EXERCISE:
Given the records below, the lines starting at the line with "Somalili Bakan'dan Türk yatırımcılara çağrı" and ending at the line with "NFS World - Achievement" should be output exactly, both end lines kept and pictures left out.

DATASET CONTENT:
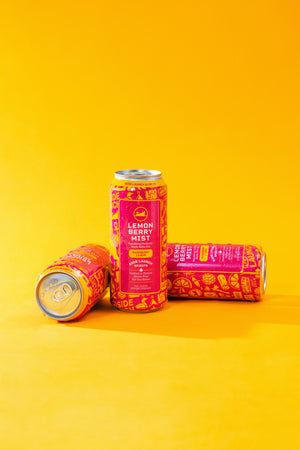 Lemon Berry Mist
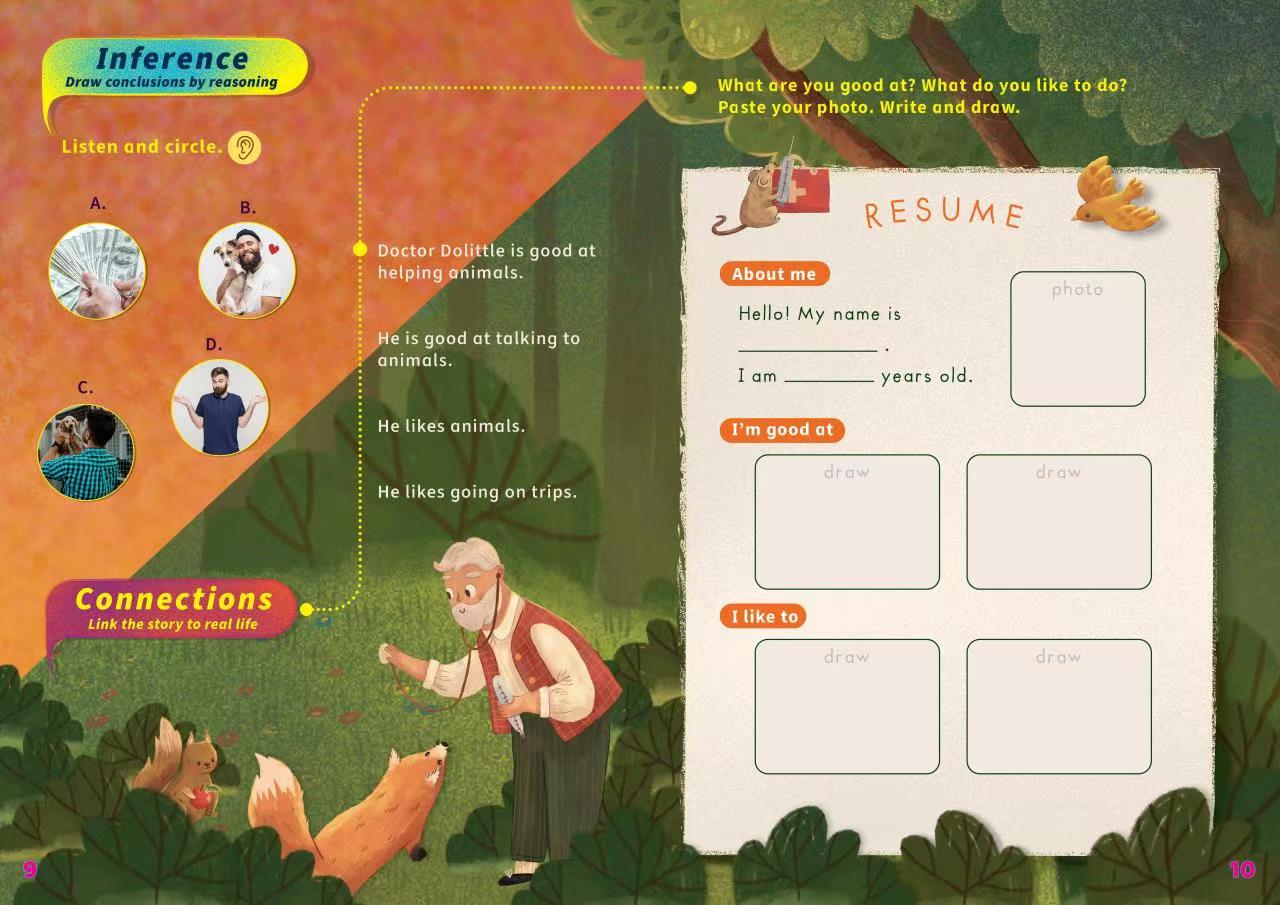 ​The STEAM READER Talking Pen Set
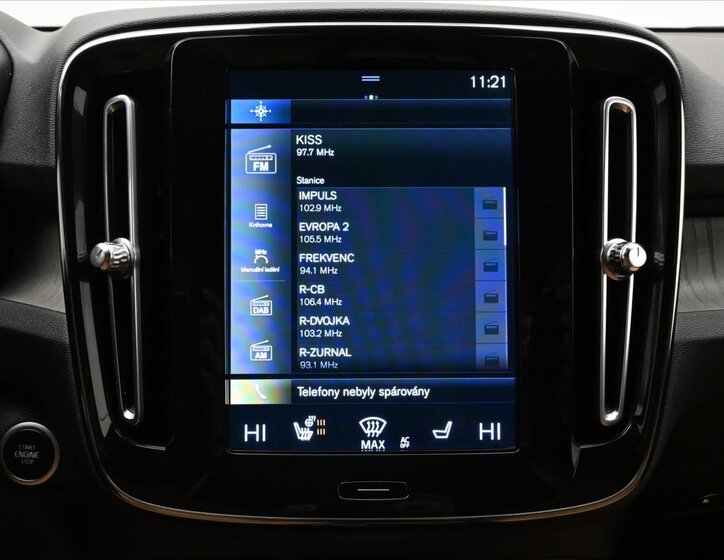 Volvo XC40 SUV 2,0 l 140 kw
...
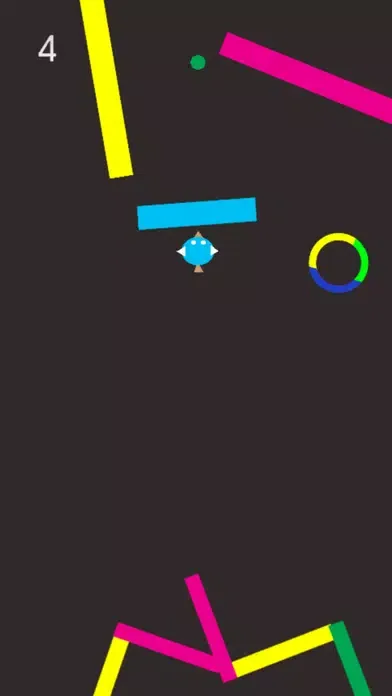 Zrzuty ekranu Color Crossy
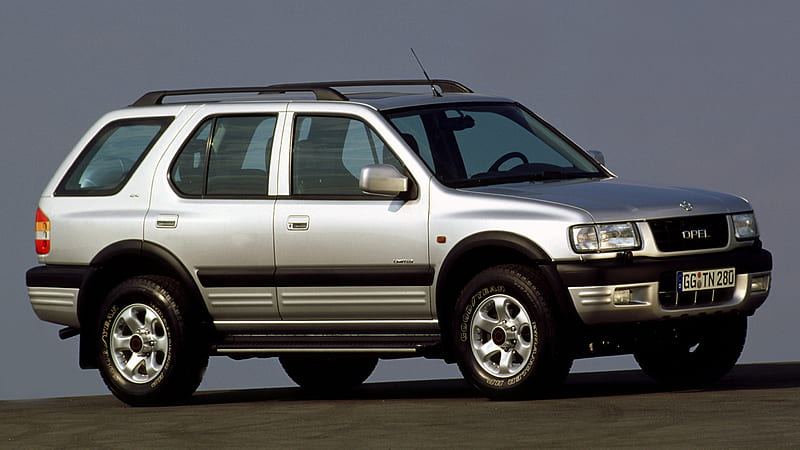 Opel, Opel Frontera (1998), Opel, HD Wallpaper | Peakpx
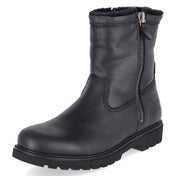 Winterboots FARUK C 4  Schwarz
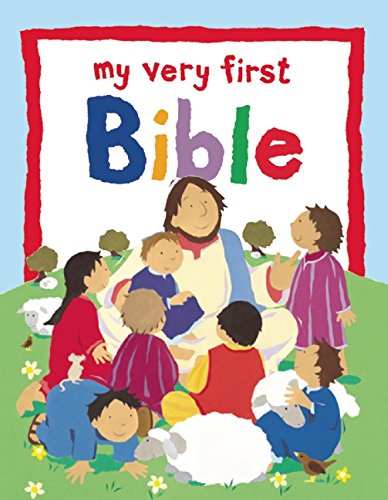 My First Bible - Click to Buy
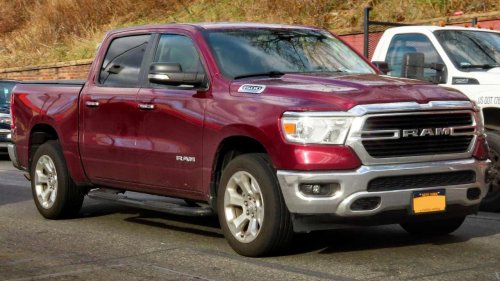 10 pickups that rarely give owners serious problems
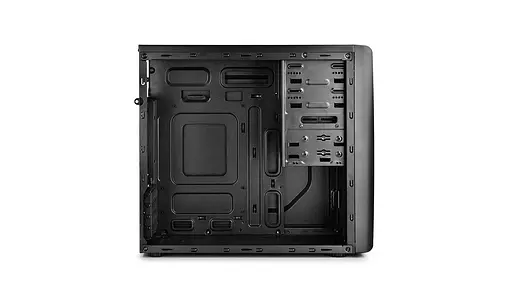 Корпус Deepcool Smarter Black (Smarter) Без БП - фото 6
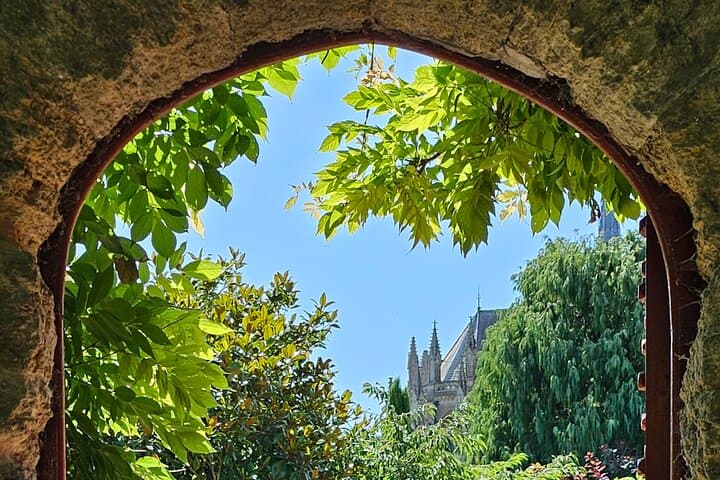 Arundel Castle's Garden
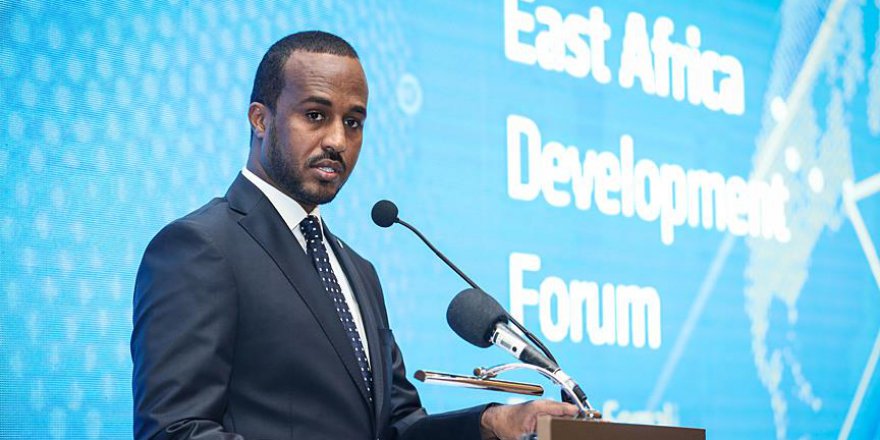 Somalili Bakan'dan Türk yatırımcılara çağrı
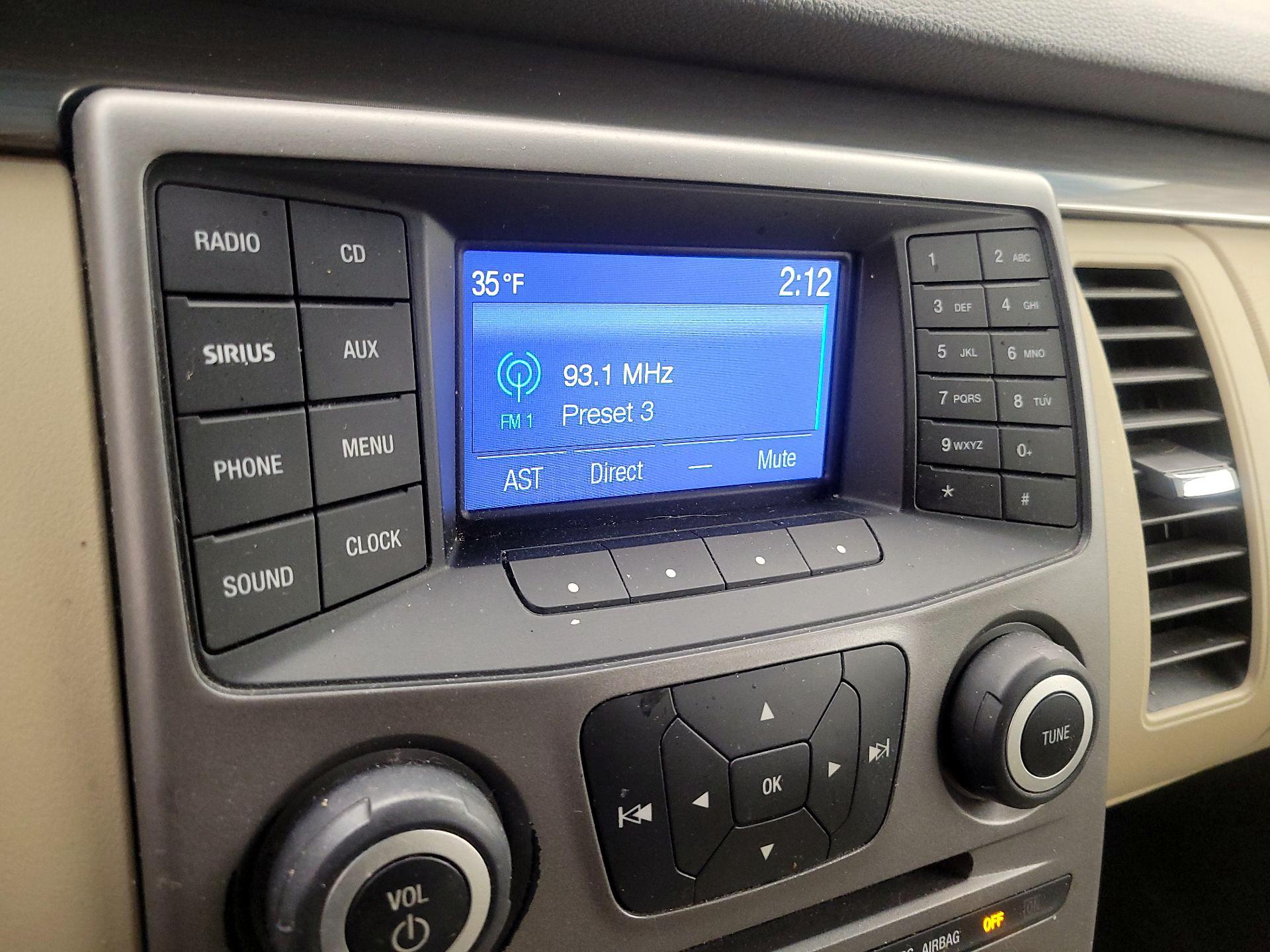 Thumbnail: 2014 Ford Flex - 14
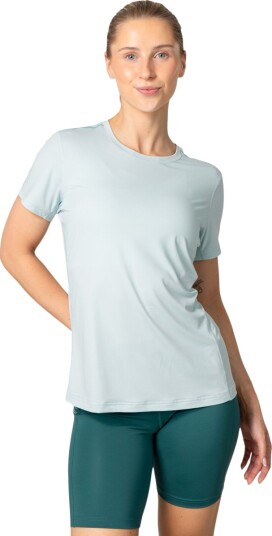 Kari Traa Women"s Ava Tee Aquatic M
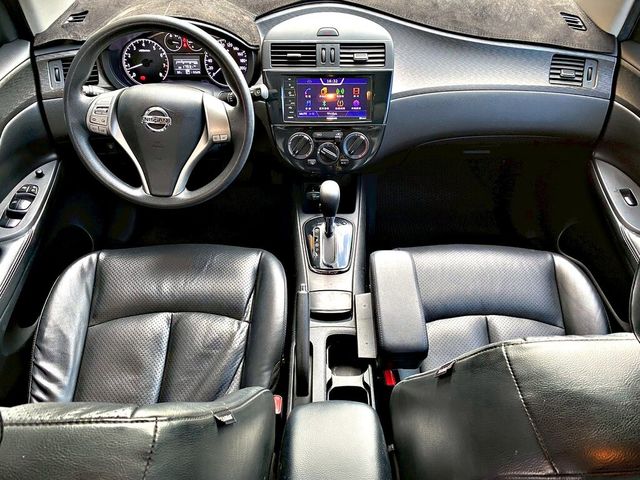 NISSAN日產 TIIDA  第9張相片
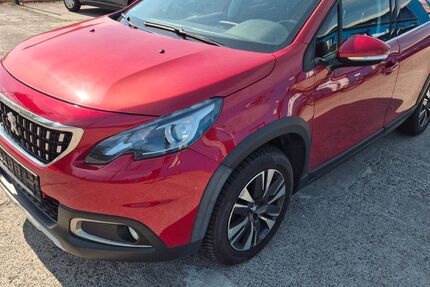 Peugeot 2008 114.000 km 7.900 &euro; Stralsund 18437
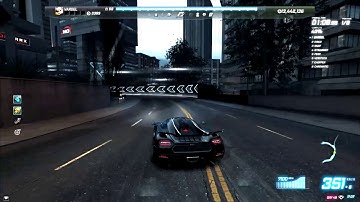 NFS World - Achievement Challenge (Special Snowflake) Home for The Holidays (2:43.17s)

TASK RESPONSE:
 Somalili Bakan'dan Türk yatırımcılara çağrı
 Thumbnail: 2014 Ford Flex - 14
 Kari Traa Women"s Ava Tee Aquatic M
 NISSAN日產 TIIDA  第9張相片
 Peugeot 2008 114.000 km 7.900 &euro; Stralsund 18437
 NFS World - Achievement Challenge (Special Snowflake) Home for The Holidays (2:43.17s)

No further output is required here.